Escola na zona norte do Rio de Janeiro forma adolescentes na área de eletromecânica, pintura e lanternagem de carros

Dos 102 alunos formados neste ano, todos saíram empregados; nos últimos dez anos, 850 trabalhadores já passaram pelo projeto


SERGIO TORRES
DA SUCURSAL DO RIO

Um curso técnico de 11 meses de duração tem conseguido resultados surpreendentes na qualificação profissional de jovens de 15 a 24 anos, moradores de favelas e bairros pobres da região metropolitana do Rio: 100% dos alunos da última edição saíram empregados.
Bancado pela iniciativa privada, o curso ensina os alunos a trabalhar com o setor eletromecânico, pintura e lanternagem de carros. Todos os 102 formandos neste ano conseguiram emprego.
A divulgação precária tem mantido o curso, inaugurado em 1996 exclusivamente para a área eletromecânica, sob uma espécie de sigilo. Mesmo assim, no início deste ano, apareceram 450 jovens para matrícula.
Por causa da procura, a coordenação da escola Recofia, no Caju (zona norte), resolveu abrir o leque das opções.

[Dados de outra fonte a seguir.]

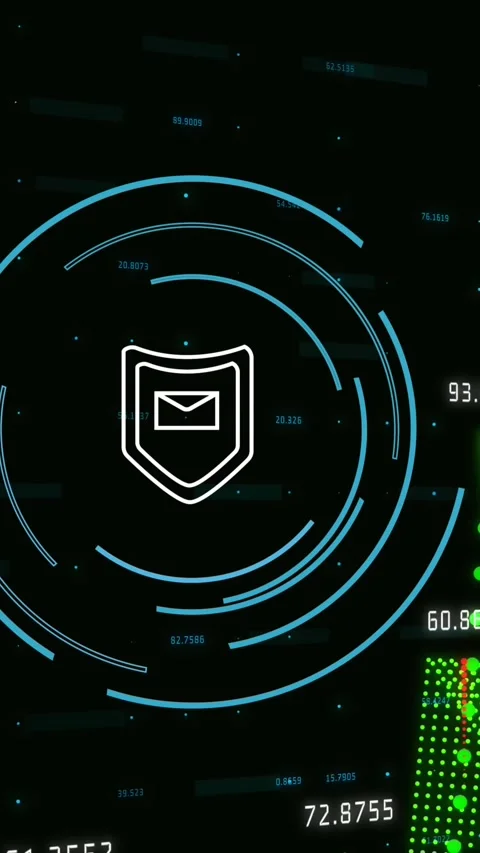 Animation of security shield and message icon and data processing against black Stock Footage 321265194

As aulas de pintura e lanternagem começaram neste ano.
A certeza do trabalho após o diploma e a possibilidade de aprender algo prático têm levado os jovens a procurar o curso.
"A escola de eletromecânica surgiu de um sonho. O dono de uma concessionária da Fiat no Rio construiu a escola para dar oportunidade a jovens carentes. Na época, tinham sido lançados os carros com injeção eletrônica. Era preciso formar mão-de-obra qualificada", diz o coordenador Jaime José Gomes Moreira, 62.
Passados dez anos, 850 jovens se formaram na escola. Desde o primeiro ano, o compromisso era o de empregar os recém-formados nas concessionárias de veículos. Isso se mantém até hoje. O jovem ingressa nas oficinas como estagiário, ganhando um salário mínimo, vale-transporte e refeição. Depois, são contratados.
Moreira revela que nesse período perdeu a conta dos jovens que o aprendizado -há ainda aulas de ética, cidadania, português e matemática, entre outras- tirou da criminalidade.
"Temos "n" exemplos de garotos que eram ou acabariam envolvidos com o tráfico. Repito o que já ouvi de dezenas de pais: isso aqui foi a salvação deles."
Diego de Almeida Guerra, 19, concorda com o ex-professor. Empregado em uma concessionária na Barra da Tijuca (zona oeste), formado em pintura automotiva, Guerra conta que chegou a trabalhar como eletricista, como o pai, mas não conseguiu um bom emprego.
"Tenho colegas que estão na vida do crime. Acham que esse mundo não tem nada a oferecer para a gente, que é pobre", diz.

Tráfico
Colega de Guerra, Deiselane da Silva Cruz, 17, vendia balas no centro até o ano passado. Ela começou nas ruas aos oito anos e lembra que teve amigos que aderiram ao tráfico e foram mortos. A jovem conta que chegou a pensar em acompanhá-los, mas desistiu. "Eu pensei: o que adianta ir e amanhã quebrar a cara."
Alguns anos mais velho, Anderson Miranda Barboza, 25, trabalhou como soldado da Aeronáutica por quatro anos. Ao ser dispensado, procurou cursos que o preparassem para o mercado, mas não conseguiu.
Morador de uma das favelas do complexo do Alemão (zona norte), Barboza comenta, com certa vergonha, que chegou a ser chamado pelos traficantes. "Eles queriam alguém que entendesse de armas. Lembrei de amigos que morreram por causa disso. Saí fora", afirmou.